§ **DIRECTIONS FOR THIS TASK**
Set down the entries again word for word, without any of the images.

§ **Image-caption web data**

◆ ◆ ◆ ◆ ◆

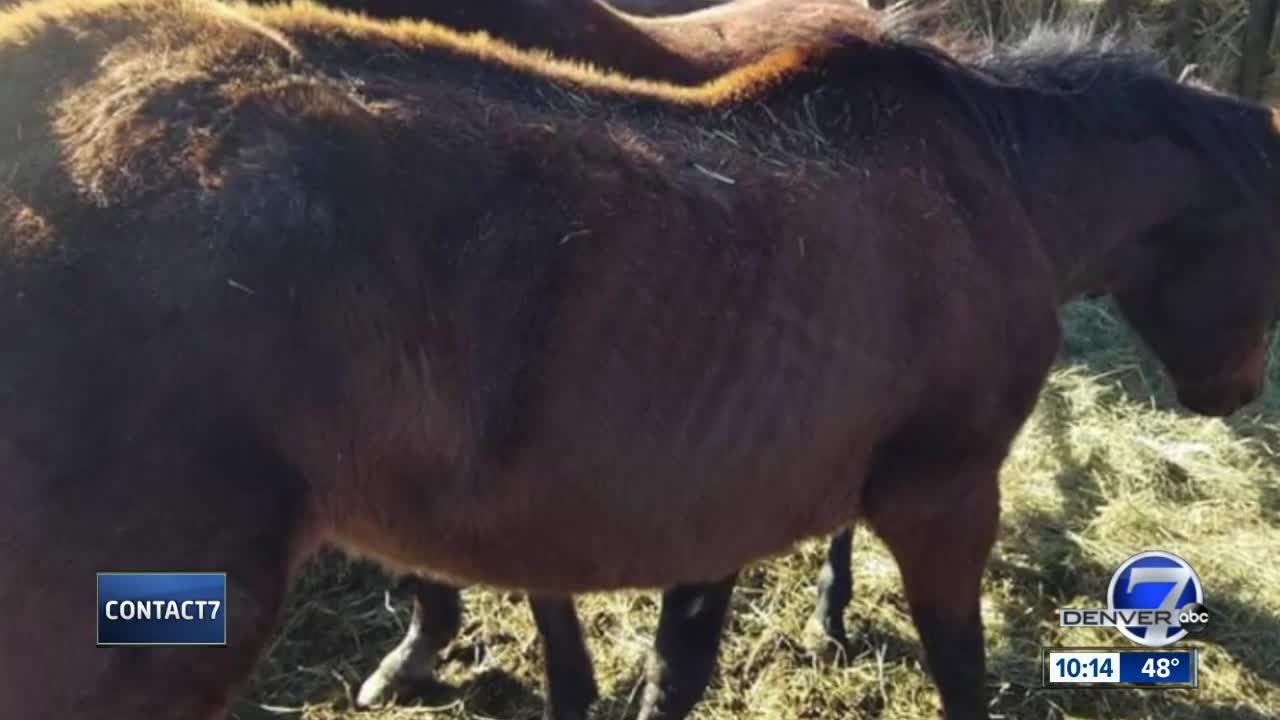 Horse rescues upset sickly animals taken to Fort Collins auction house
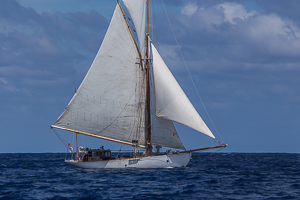 Single Handed Race, Off English Harbor, Antigua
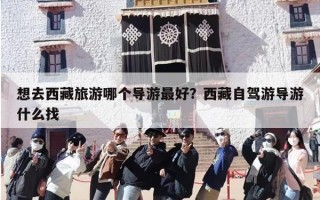 想去西藏旅游哪个导游最好？西藏自驾游导游什么找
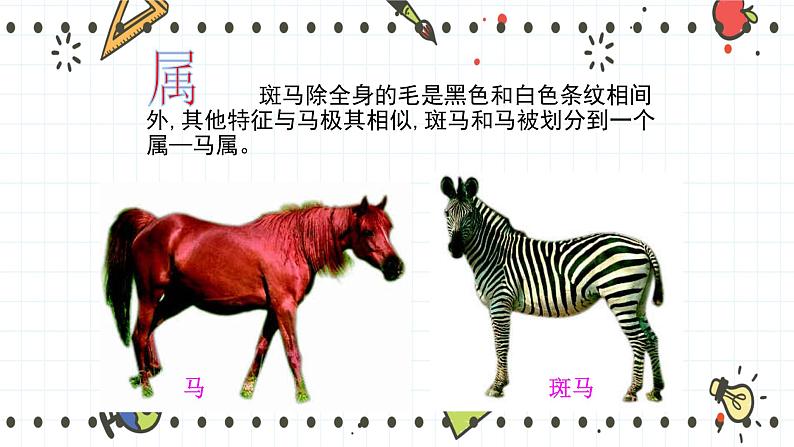 22.1 生物的分类(课件+教学设计+练习+学案)08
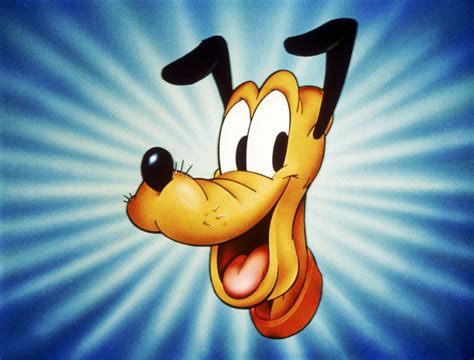 How Old Is Pluto The Dog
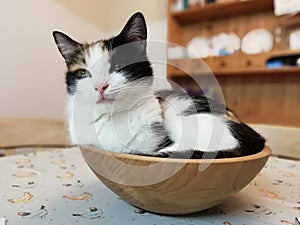 Pretty cat curled up in a wooden bowl photo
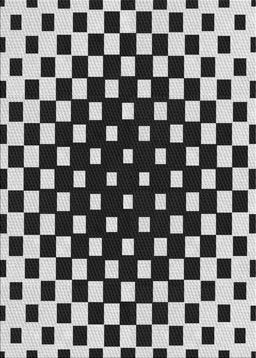 Patterned Light Gray Novelty Rug, pat991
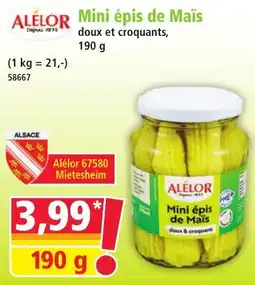 Norma Mini épis de Maïs aanbieding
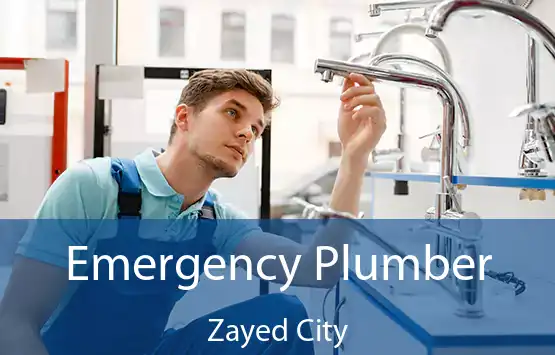 Emergency Plumber Zayed City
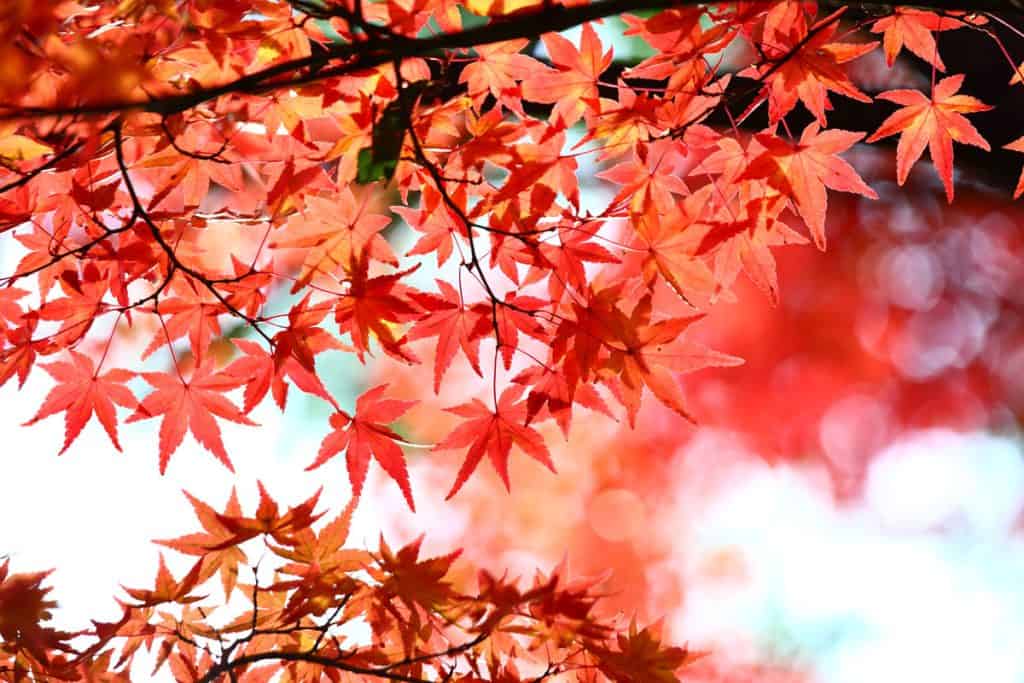 nice view to look up at the sky with these red leaves of a japanese maple tree
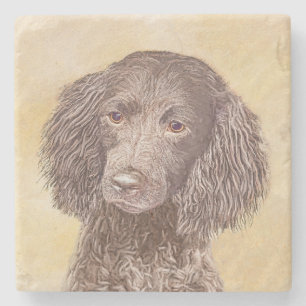 American Water Spanel Malerei - Original Dog Art Steinuntersetzer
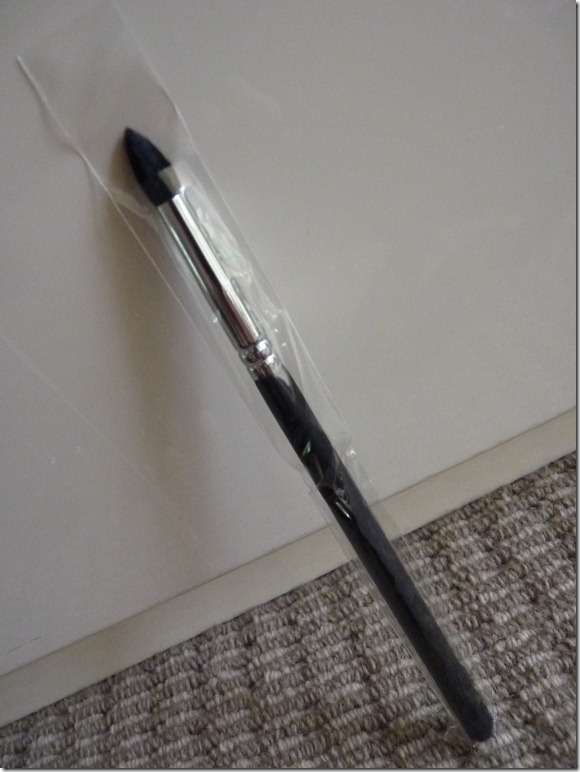 P1100302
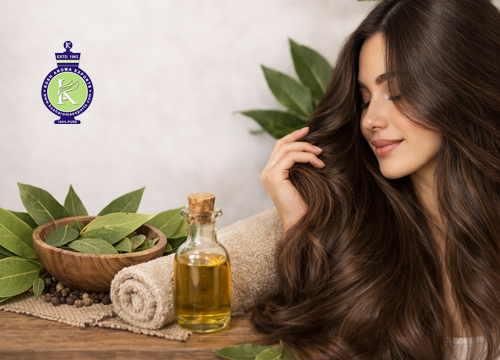 Woman massaging long shiny hair with bay leaf oil bottle and fresh bay leaves showcasing bay leaf benefits for hair growth and nourishment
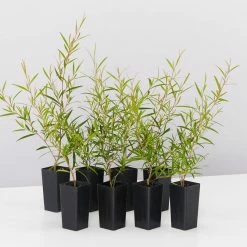 Shrubs Leptospermum Petersonii Lemon Hedge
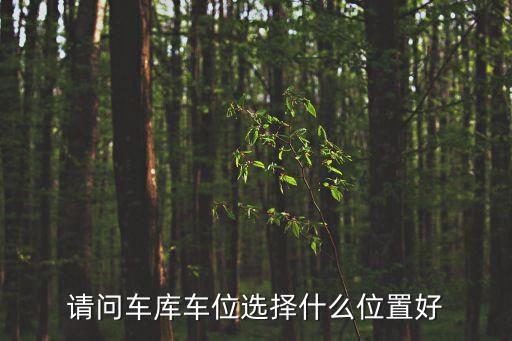 車庫停車，請問車庫車位選擇什么位置好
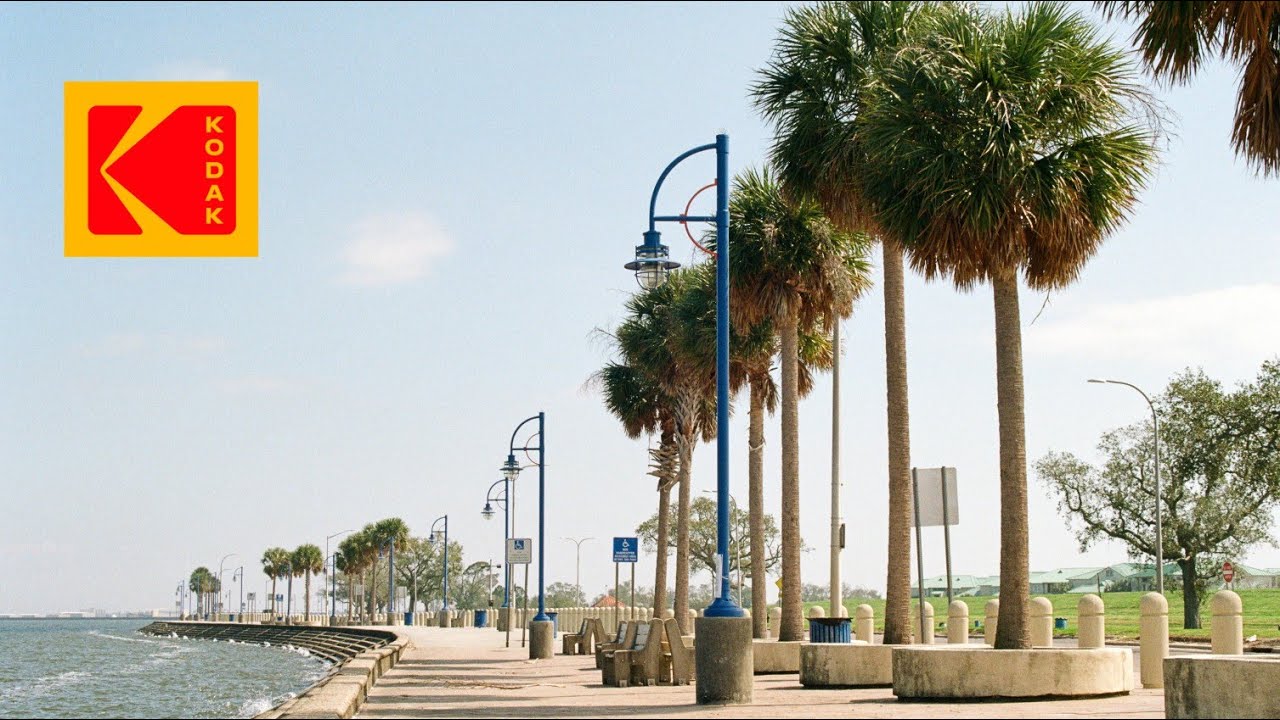 Kodak Gold on a Perfect Day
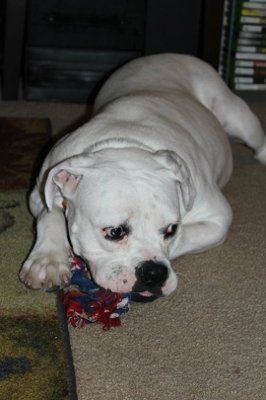 *NWR* Post pics of your furry (or not so furry) kids!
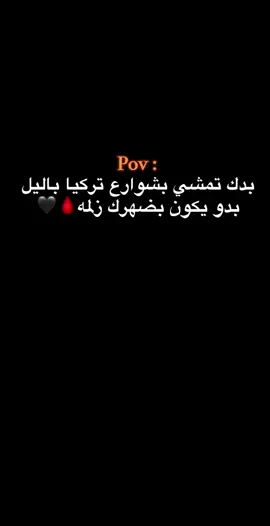 #بدك تمشي بشوارع تركيا بالليل بدو يكون بضهرك زلم #🥷🖤🐊 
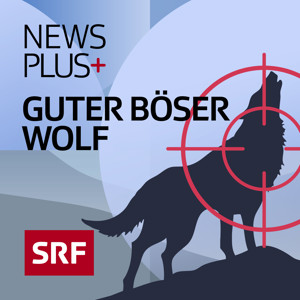 News Plus Hintergründe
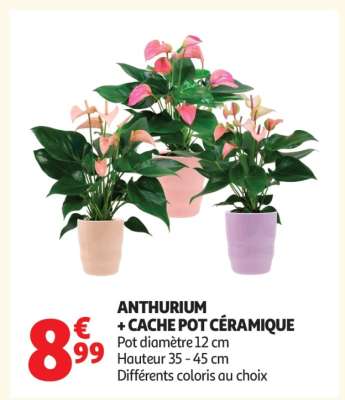 Anthurium + Cache Pot Céramique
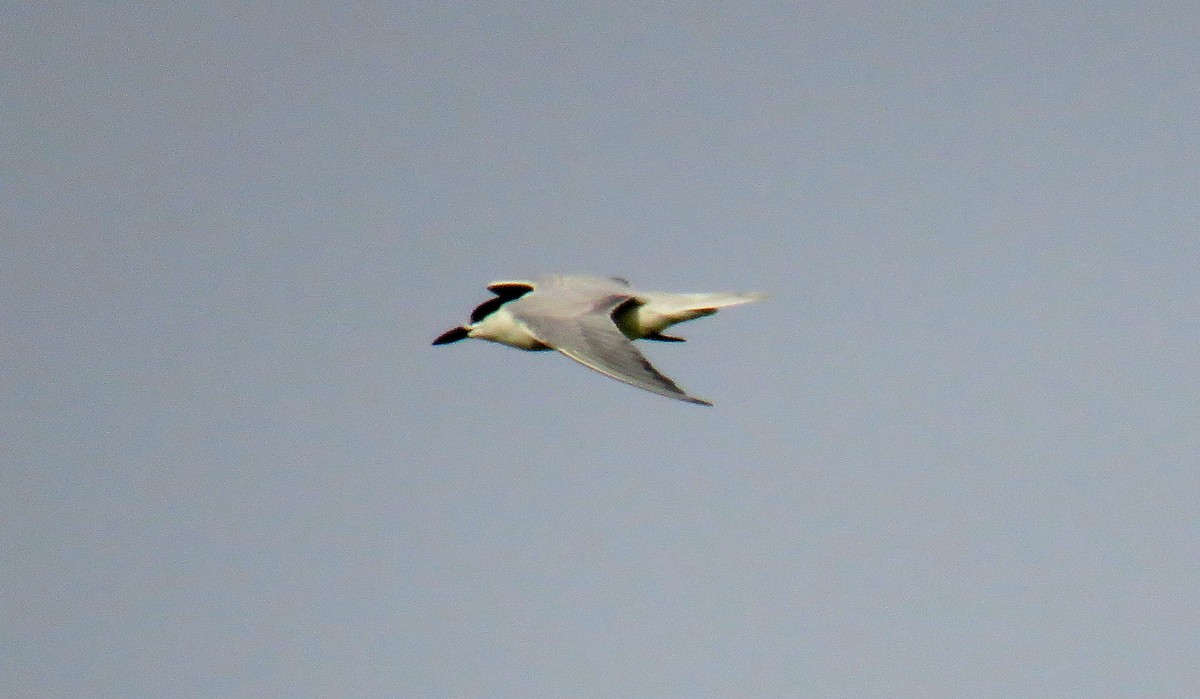Gull-billed Tern - Miguel  Berkemeier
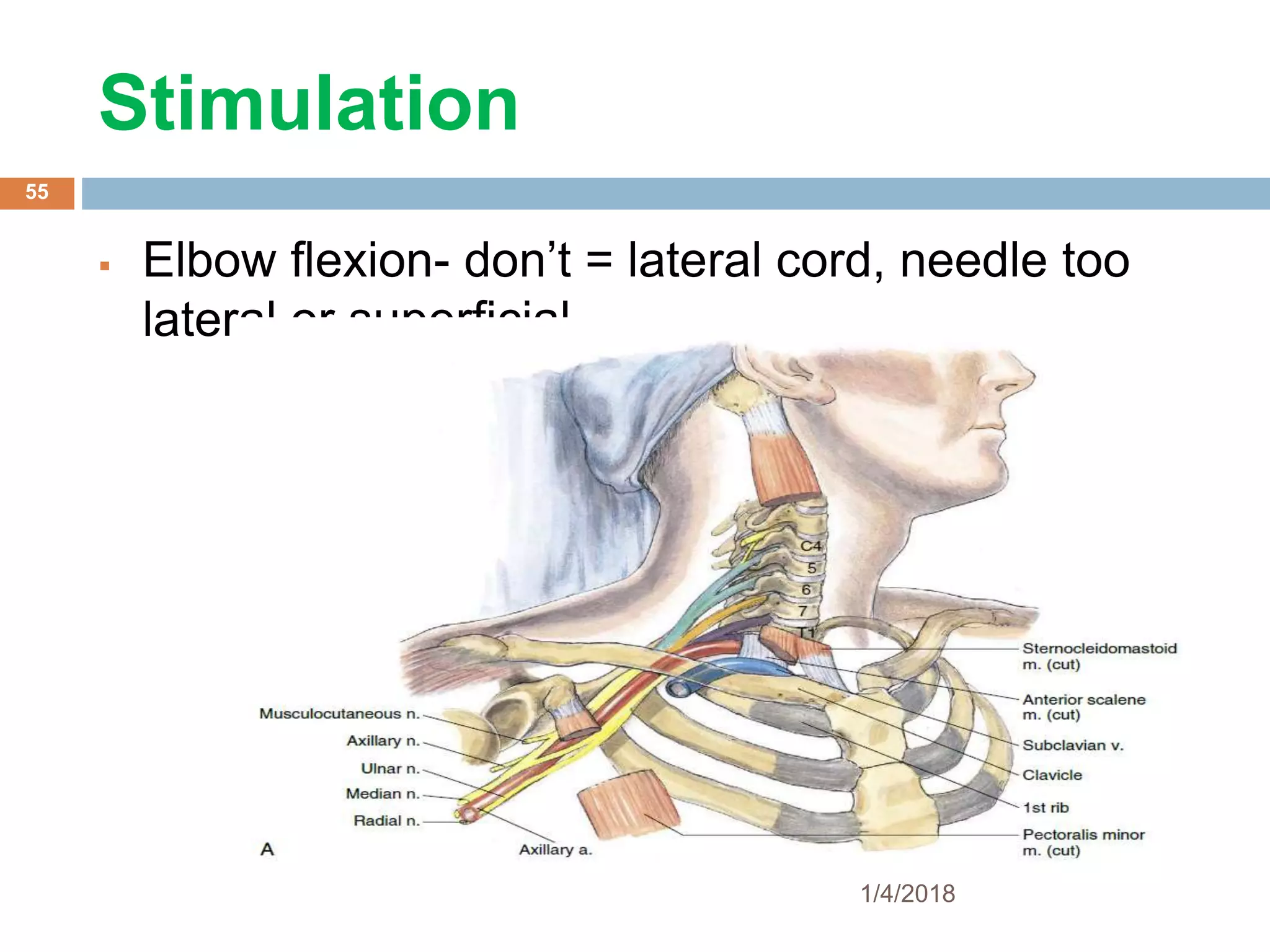 Stimulation
 Elbow flexion- don’t = lateral cord, needle too
lateral or superficial
1/4/2018
55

◆ ◆ ◆ ◆ ◆

§ **EXPECTED OUTPUT**
 Horse rescues upset sickly animals taken to Fort Collins auction house
 Single Handed Race, Off English Harbor, Antigua
 想去西藏旅游哪个导游最好？西藏自驾游导游什么找
 22.1 生物的分类(课件+教学设计+练习+学案)08
 How Old Is Pluto The Dog
 Pretty cat curled up in a wooden bowl photo
 Patterned Light Gray Novelty Rug, pat991
 Norma Mini épis de Maïs aanbieding
 Emergency Plumber Zayed City
 nice view to look up at the sky with these red leaves of a japanese maple tree
 American Water Spanel Malerei - Original Dog Art Steinuntersetzer
 P1100302
 Woman massaging long shiny hair with bay leaf oil bottle and fresh bay leaves showcasing bay leaf benefits for hair growth and nourishment
 Shrubs Leptospermum Petersonii Lemon Hedge
 車庫停車，請問車庫車位選擇什么位置好
 Kodak Gold on a Perfect Day
 *NWR* Post pics of your furry (or not so furry) kids!
 #بدك تمشي بشوارع تركيا بالليل بدو يكون بضهرك زلم #🥷🖤🐊 
 News Plus Hintergründe
 Anthurium + Cache Pot Céramique
Gull-billed Tern - Miguel  Berkemeier
 Stimulation
 Elbow flexion- don’t = lateral cord, needle too
lateral or superficial
1/4/2018
55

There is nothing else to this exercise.